= Qi (surname 齊) =

Chinese family name

Qi (齊/齐, also commonly written as Ch’i in Wade–Giles, and Chai (cai4) in Cantonese) is a Chinese surname originated from the Qi (state) (齊/齐). In 2013 it was the 113th most common name, shared by 1,760,000 people or 0.130% of the population, with the province with the most being Hebei. It is the 87th name on the Hundred Family Surnames poem.

==Notable people==
- Qi Baishi (齊白石 (齐白石)), painter in the 20th century
- Chyi Yu (齊豫), singer
- Chyi Chin (齊秦), singer
- Qi Xin (齐心), mother of Xi Jinping
- Chi Po-lin (齊柏林), documentary filmmaker
- Qi Ying (齊映) (748 – 795), formally Baron Zhong of Hejian (河間忠男), was an official of the Tang Dynasty
- Qi Kerang (齊克讓) was a general of the Tang Dynasty, who was part of Tang's resistance against the major agrarian rebel Huang Chao
- Qi Xieyuan (齊燮元), Chinese warlord
- Qi Xueting (齐雪婷; born 1986) is a Chinese ice hockey player
- Qi Yaolin (齊耀琳) (1863 – ?) was a Chinese politician of the late Qing Dynasty and early period of the Republic of China.

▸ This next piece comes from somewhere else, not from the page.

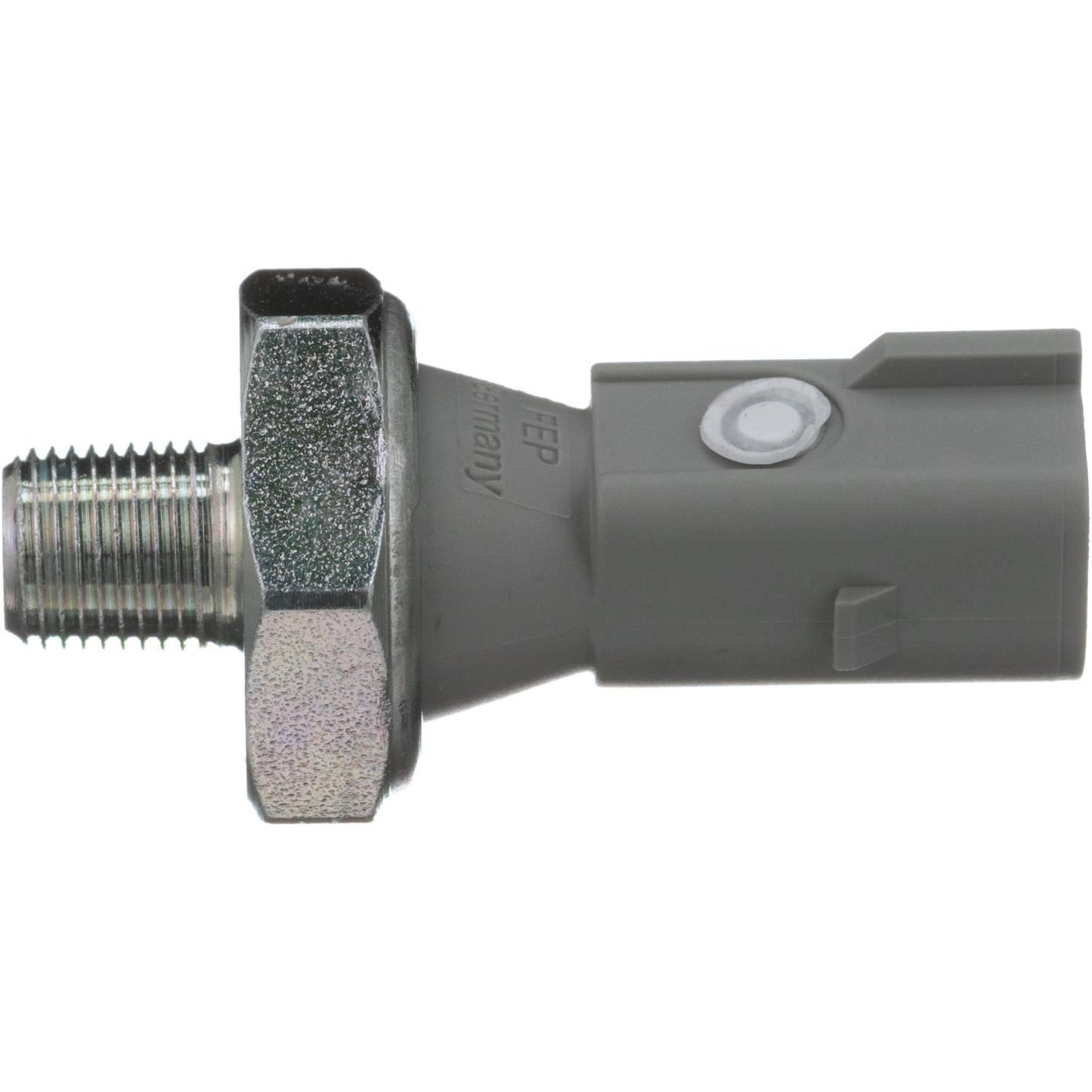 Intermotor Engine Oil Pressure Switch PS-473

He was born in Jilin
- Qi Yaoshan (齊耀珊; 1865 - 1954), courtesy name Zhaoyan, was a statesman and government official in the Qing dynasty and Republic of China
- Qi Kang (architect), Southeast University. Qi's family is originally from Tiantai County, Zhejiang Province, China. Qi's family is descendant Qi Zhaonan (齊召南), a notable Chinese
- Qi Kang (official), (齊抗; 740 – 804), courtesy name Xiaju (遐舉), was an official of the Chinese dynasty Tang
- Chai Po Wa (齊寶華) or Qi Baohua is a table tennis player from Hong Kong
- Qi Guangpu (齐广璞; born 1990) is a Chinese aerial skier
- Pamelyn Chee (Chinese: 齐騛) a Singaporean actress.